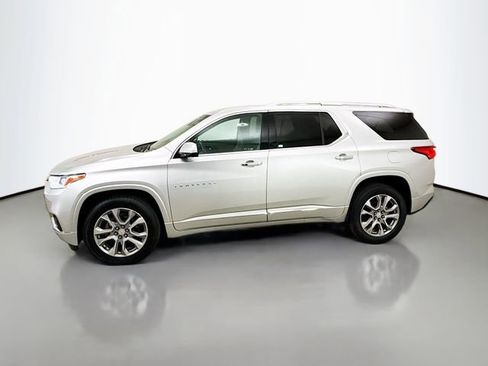 Used 2020 Chevrolet Traverse Premier image 4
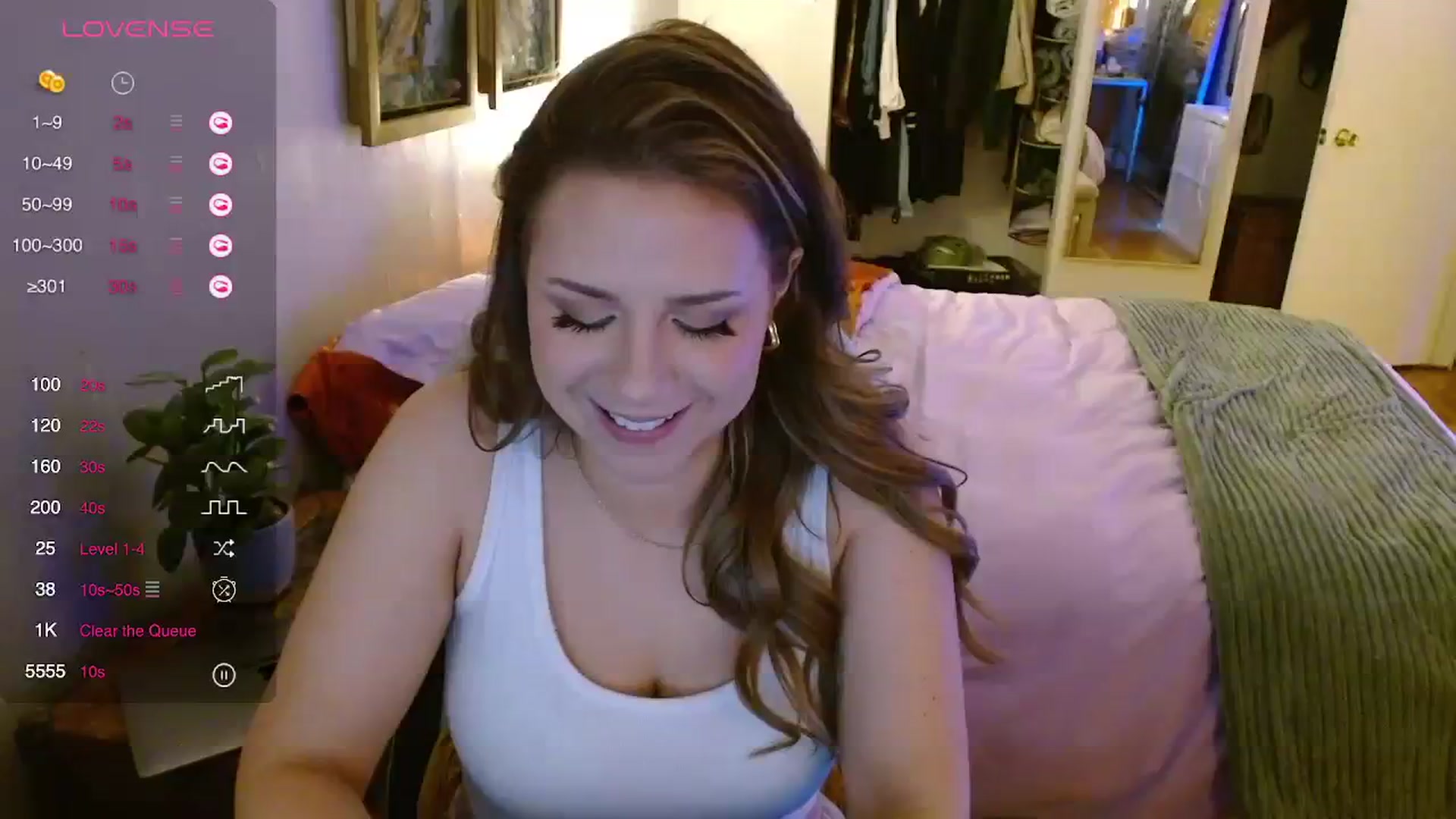 Gallery image thumbnail from Sweetestlilly's myfreecams stream on, 12/01/2023, 02:48 image 9 of 20
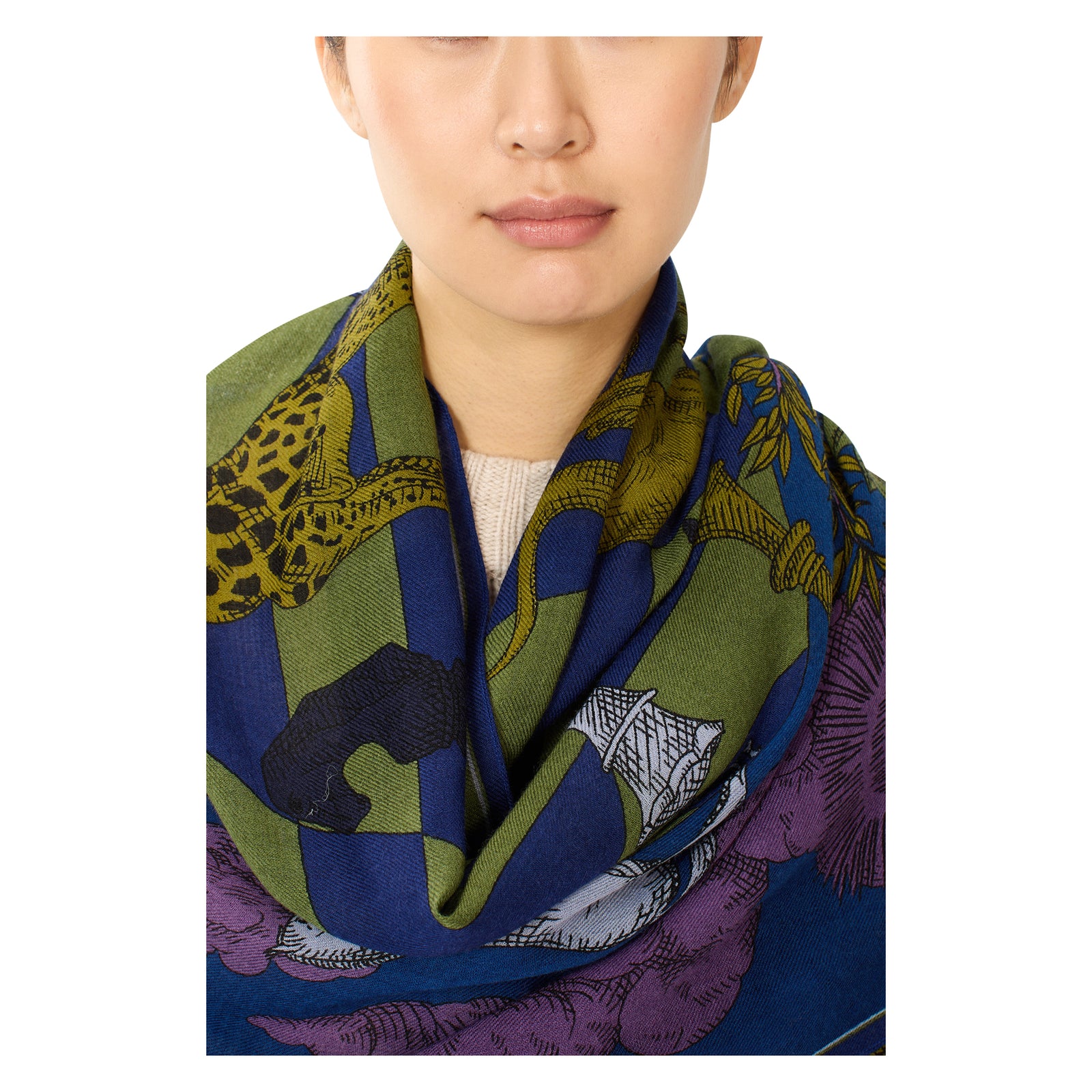 Magnus Scarf, Moss Eleish Van Breems Home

● ● ● ● ●

* Aim of the task *
Everything from the line with "Gallery image thumbnail" through the end of the listing above, both ends included, should be set down exactly; copy nothing else, and skip the pictures.

* Answer area *
 Gallery image thumbnail from Sweetestlilly's myfreecams stream on, 12/01/2023, 02:48 image 9 of 20
 Magnus Scarf, Moss Eleish Van Breems Home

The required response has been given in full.